There’s a lot roiling in my brain about this topic that I rarely find the space to cram into the comic. For one thing, we’re talking about a set-up which doesn’t exist much in nature: zombies (as pop culture usually knows them) seem to naturally want to do gather together, forming swarms far beyond the scale of the largest packs of predators such as lions and wolves. The closest examples there might be creatures such as army ants, although fortunately for humanity the zombie mobs weren’t quite as smart about cooperating or navigating obstacles.

But of course, given the western theme one big concept I keep returning to is that trail hand’s nightmare of the stampede. That peaceful mass of animals that can suddenly become a deadly, nearly unstoppable surge of force at the slightest provocation.
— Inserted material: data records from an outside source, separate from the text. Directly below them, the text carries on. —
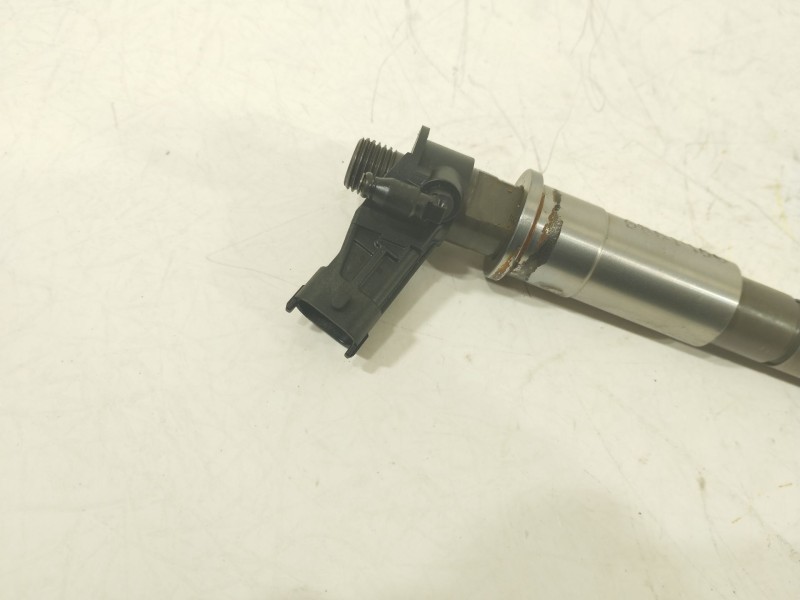 Recambio de inyector para nissan qashqai i (j10, nj10) 2.0 dci referencia OEM IAM 804536CH8 0445115007 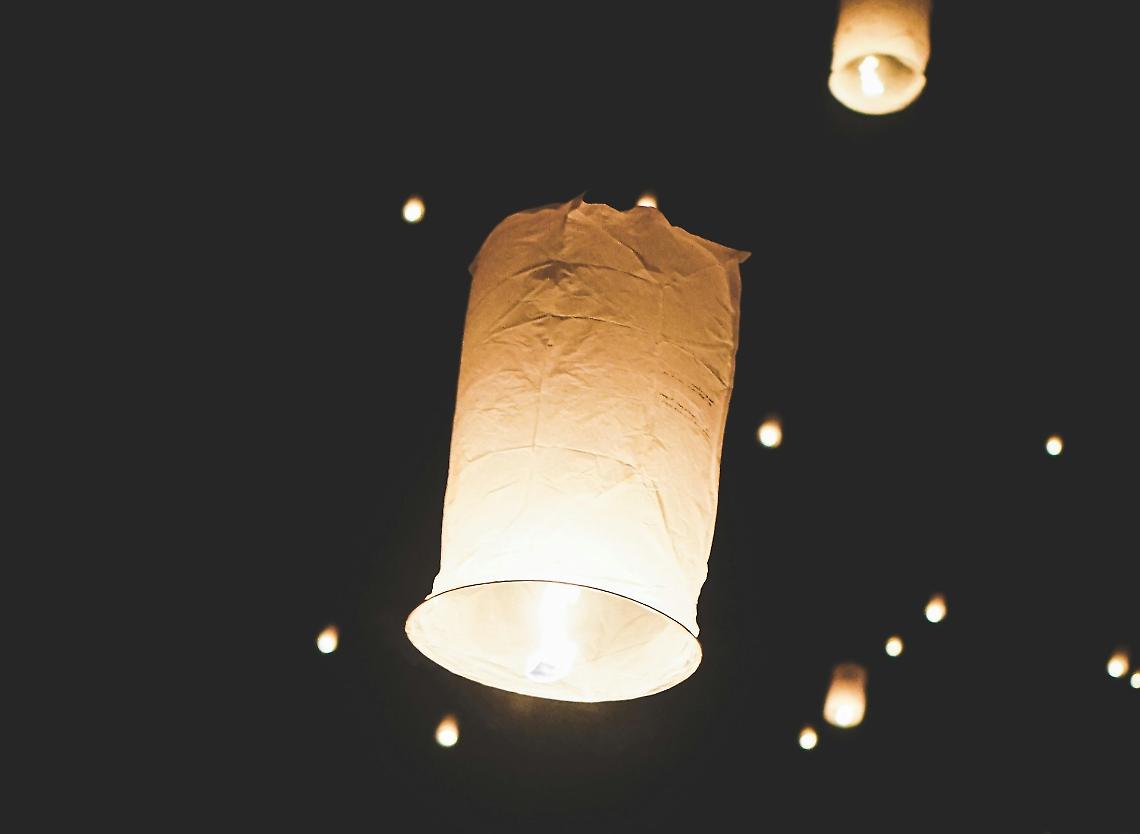 Per Capodanno, il Comune vieta i botti, i fuochi d'artificio e anche le lanterne volanti 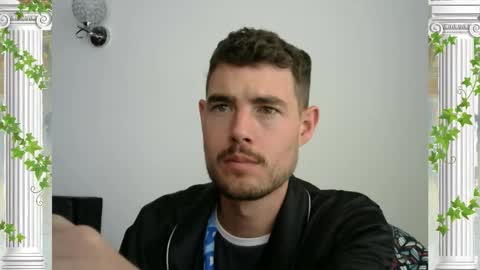 Snapshot of sultansgirls chatting on 12.22.25 The Sultan online show from 12.22.25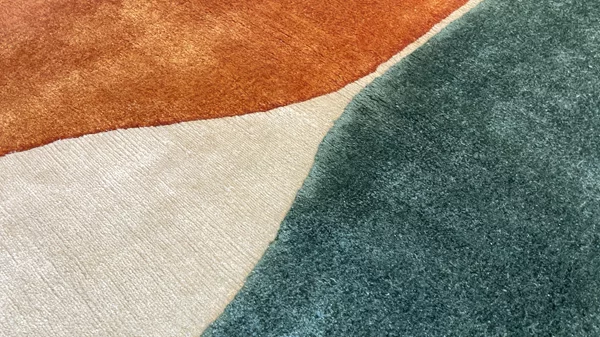 Μια από τις πιο ιστορικές ελληνικές βιοτεχνίες ανοίγει τις πόρτες της για το κοινό με νέα έκθεση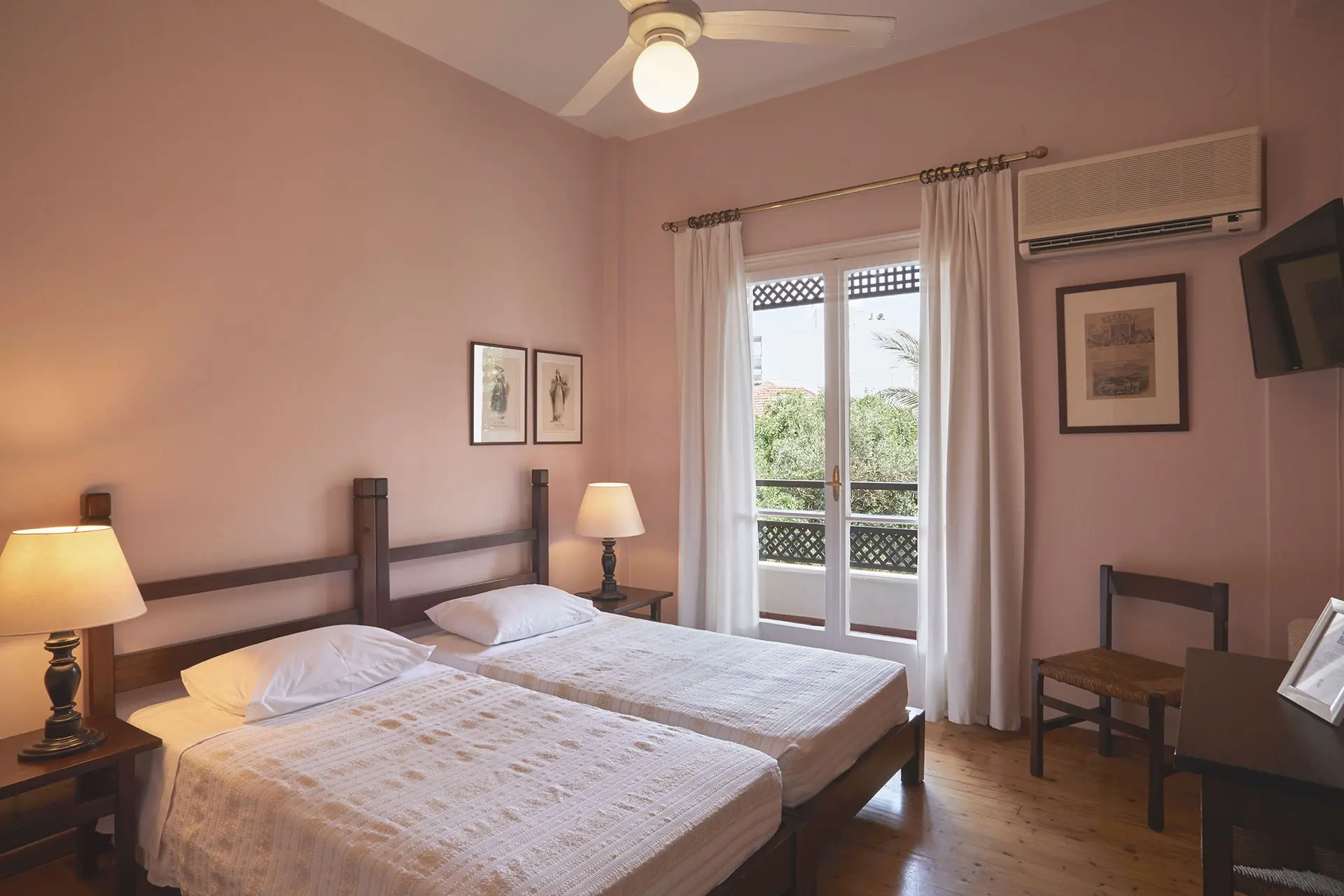 Doma Hotel gallery image 7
One or two herd members get spooked and start running, and before you know it thousands of hooves are pounding the ground, indiscriminately flattening anything unlucky enough to be in the way.

Zombie ranchers are wrangling mere human-sized charges, but if you’ve heard of those tragic events over the years at religious pilgrimages, sporting events, or even Black Friday at Wal-Mart, even a “human stampede” can do plenty of damage to people and property.

Now imagine that instead of wanting that special price on a flat-screen TV, that stampede wants to eat you. This is the paradox of zombie ranching. On the one hand, you need to gather a big herd together or you’ll never turn a profit. On the other, even the most insulated Safer knows zombies are most dangerous in large groups.

Is there such a thing as “zombie whispering“, or are Suzie and her peers just plain crazy for having a job where they regularly have to climb in amongst the walking dead? Or is it a little of both?

All questions I do want to go into more as the story continues. Assuming anyone survives the current circumstances, of course…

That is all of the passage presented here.